É realmente importante elucidar o valor dos artistas citados no texto do Sr. Luciano Trigo, ressaltando sua expressiva insuficiência sob às expressões artísticas atuais. Entretanto, Sr. Moacir dos Anjos, é importate também perceber que o que denomina generalização, no texto do Sr. Trigo, é uma questão de interpretação e de contextulização na apreensão idiossincratica de cada leitor. Penso que, com todo respeito à sua opinião, o compreendimento de uma obra de arte efêmera, permeada por subjetividades e contida subjacentemente no tempo e no lugar em que a mesma foi criada é, também, uma questão de interpretação. Portanto, e citando Marcel Duchamp "Apenas o artista, equanto artista, possui o dicernimento de qualquer objeto como obra de arte" - o que talvez o senhor Trigo não tenha tomado o devido cuidado para discernir - eu diria que a aceitação de uma estética e o compreendimento da mesma, é proveniente de um argumento conciso. Pois como já dizia O filósofo grego Theodor Adorno "hoje, na arte contemporânea, não há criação desprovida de uma discussão sobre a mesma", logo, penso que, muito embora possua razões em seu argumento, o sr. Trigo também manifestou algo espressivo nas criações das artes visuais atuais, sobre a linha tênue entre o vanguardismo e o ridiculo. Além disso, sabemos que os donos das grandes galerias do Brasil, em sua maioria são economistas. O que para mim, reforça um maior direcionamento das carreiras dos artistas emergentes, para o mecado e não para grandes fomentos que explorem, sobretudo, essa questão.

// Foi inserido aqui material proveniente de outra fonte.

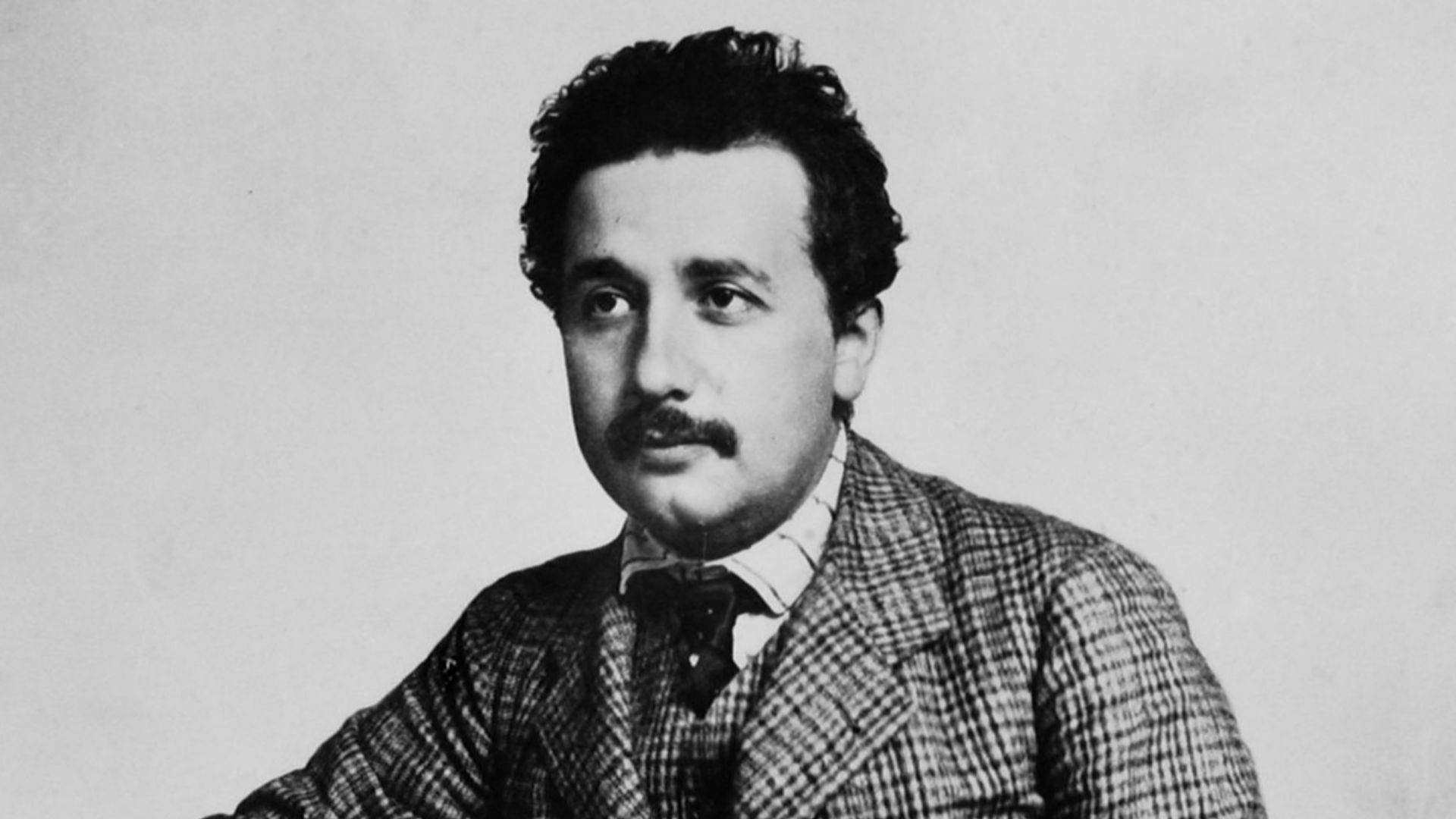 17. "L'imagination est plus importante que la connaissance" (Albert Einstein)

Posted by: Tito Oliveira at novembro 26, 2007 10:05 PMobrigada pelo seu comentário lúcido e pertinente sobre a matéria em questão.

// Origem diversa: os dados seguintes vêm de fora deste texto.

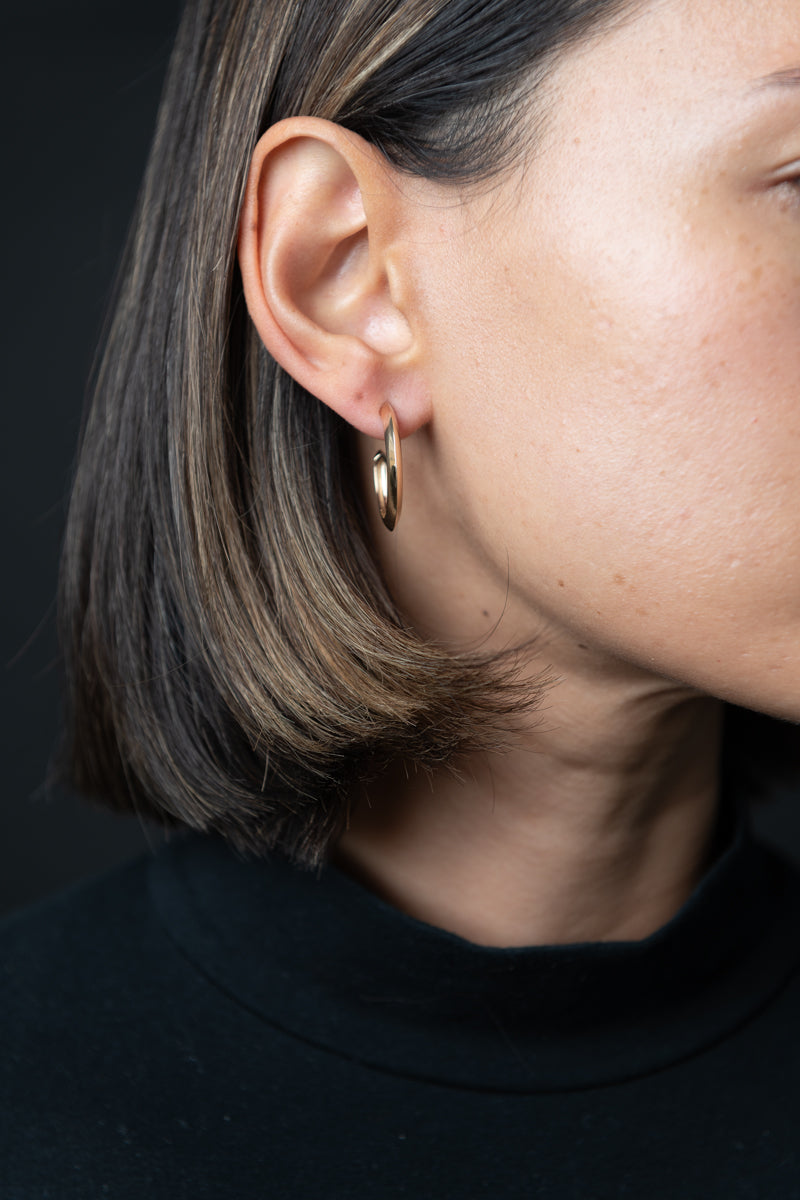 Knife Edge Hoops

Posted by: helen faganello at novembro 27, 2007 11:03 PMMoacir,
todas as pessoas envolvidas com arte contemporânea devem agradecer a publicação do seu texto. É realmente impressionante o quanto de preconceito o texto de Luciano Trigo contém. Um grande deserviço para quem trabalha seriamente todos os dias em instituições honestas interessadas em ampliar o entendimento da arte contemporânea.

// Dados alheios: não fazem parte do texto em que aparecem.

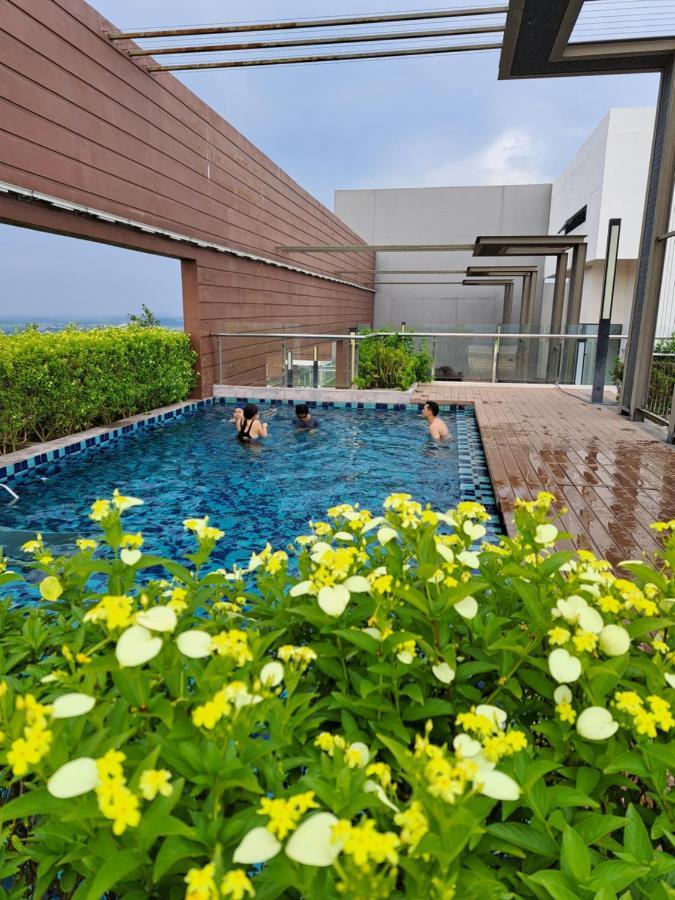 Woodsbury Suites Ikea House Butterworth Penang Extérieur photo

O pior de tudo é que desconfio que o texto de Trigo é um plágio de uma matéria publicada no início do mês na revista IstoÉ que se utilizava dos mesmos argumentos e trabalhos para denegrir a arte contemporânea. E o Jornal Folha de São Paulo publicou sem se dar o trabalho de conferir.
Diante deste panorama triste do jornalismo brasileiro, só nos resta esperar que leitores conscientes saibam formar uma opinião crítica a despeito do que é veiculado na grande imprensa.
Um abraço,
Taisa Palhares
Pesquisadora e curadora - Pinacoteca do Estado de São Paulo.
Posted by: Taisa Palhares at novembro 30, 2007 11:17 AM
Ceis tão por fora!
Há de se leir Heiddeger!
Posted by: zÉ at abril 16, 2008 4:15 AMConcordo com Ferreira Gullar, nem toda expressão é arte. A arte não pode ser feita pensando no lucro, mesmo que faça parte de um mundo capitalista. A arte sempre terá sua razão de ser, independente da manipulação do mercado, que conseguiu encaixar expressões não-artísticas no conceito de arte. Isso acabou gerando uma confusão em muita gente, que acabou pagando ao que o mercado indicava como arte. Mas no fundo sabemos o que é arte, pois seu sentido não é racional, mas sensível. E por isso saberemos quando estivermos diante de uma verdadeira obra de arte.